生鮮素材とは距離を置く食品の品揃え

 食品売上高3926億円、全売上高に占める構成比は57%。大手ドラッグストアの中でも食品販売額が突出して高いのがコスモス薬品だ。売上高は2020年5月期の数値で、コロナ禍により例年以上に売上高が押し上げられているが、それより前の5年間の業績を見ても、1店舗当たりの食品売上高は3億4000万円前後。食品を強みとするドラッグストアはもちろんのこと、コンビニや食品スーパーにとっても脅威の存在であるのは間違いない。

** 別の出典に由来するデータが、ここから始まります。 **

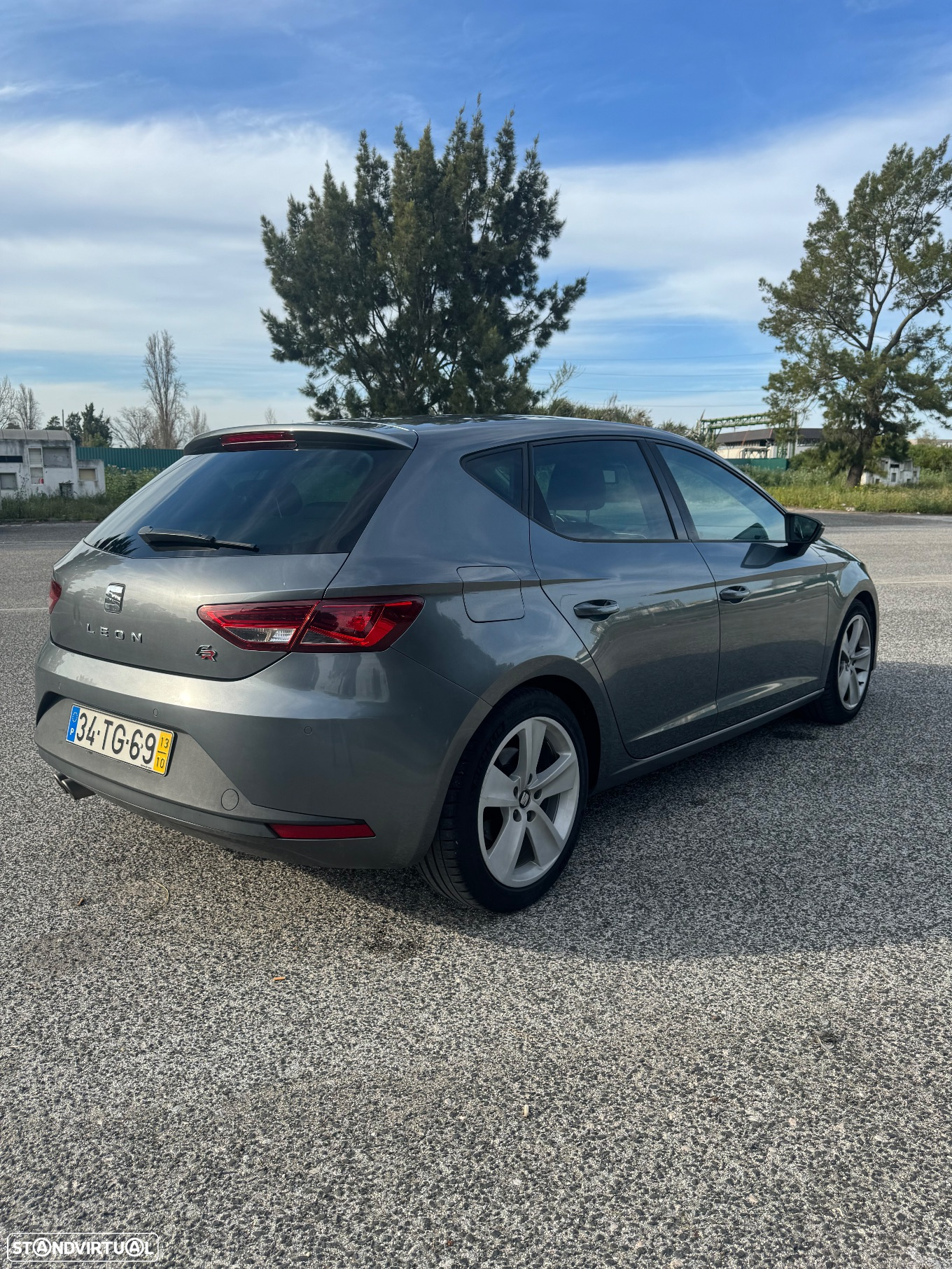 SEAT Leon 2.0 TDI DPF Ecomotive FR - 11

 コスモス薬品の食品の品揃えは、加工食品、菓子、飲料、酒、冷凍食品、和洋日配。生鮮や惣菜を除けば、取り扱いカテゴリーは食品スーパーや食品強化型のドラッグストアとそれほど大差はない。それでいて大半の商品価格が安いとなれば、競合する食品スーパーの差別化策は生鮮食品と惣菜の強化。同業のゲンキーやクスリのアオキが食品スーパーの武器である生鮮・惣菜を取り込み、強化しているのも、同業以上の品揃えでよりお客の生活に便利なワンストップ業態へと近付くためだ。だがコスモスは目指すところは同じであっても、アプローチは大きく異なる。コスモスのスタンスは、一言で言えば手間いらずの食卓提案だ。